The role of icosahedral ordering and the coexistence of two kinds of crystalline ordering (FCC and HCP) are issues that have also been investigated in colloidal systems14,15,16,17,18,63. Pusey et al.14. showed a clear tendency towards the FCC structural ordering in slowly grown hard colloidal spheres. Leocmach et al.18 also observed crystalline ordering to be more frequently observed than icosahedral ordering in colloidal systems, with a growth in the former and no noticeable growth in the latter as the glass transition temperature was approached.

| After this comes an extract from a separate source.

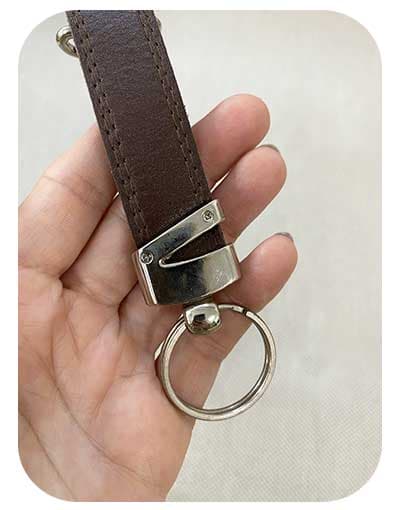 جاکلیدی چرم مونت کد 3518 — تصویر ۳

This competitive interaction between the coexisting FCC and HCP has also been predicted theoretically by simulation studies33,64,65,66,67,68. The Monte Carlo simulation studies reported by Shinde et al.33 correlate the competitive interaction between FCC and HCP structures with the presence of dislocations between differently ordered domains. The numerical study reported by Klumov et al.67,68. shows the competitive fluctuations between FCC and HCP clusters in highly crystalline packings, with the existence of a sharp disorder – order phase transition at ϕC ≈ 0.64. Also, icosahedral ordering is observed within the narrow packing fraction range, in agreement with our study. Various other calculations64,65,66 reported in the literature have indicated that the very small free energy difference between FCC and HCP structures might explain the coexistence of and dynamical competition between these two crystalline structures.

Conclusion

In this paper, we present the results of real – space neutron tomography measurements on packings of highly monodisperse granular steel spheres, carried out to study the structural evolution of these packings from an initially disordered state to one containing a high degree of crystallization. For the particular values used in this work, it appears that increasing shaking frequency and amplitude leads to the compaction of the assembly, with a rise in packing fraction ϕ from 0.62 to 0.71. The disordered initial state (ϕ ≈ 0.62) is characterized by the presence of localized icosahedral ordering, while at higher packing fractions (ϕ ≈ 0.71), there is a spontaneous evolution of crystallinity33. A detailed structural analysis of the latter showed the presence of coexisting FCC and HCP clusters characterized by two interesting features. The first of these concerns the fact that while the icosahedral ordering is localized, with a low population which does not grow, there is a significant increase in crystalline ordering as the transition is approached. The second of these is that initially dominant FCC ordering gives way to HCP ordering as the frequency increases, indicating that there is a dynamical competition at play between these two structures. The nature of this dynamical competition involves a subtle interplay of both amplitude and frequency, as can be seen from a comparison of our results with those of numerical simulations32,33.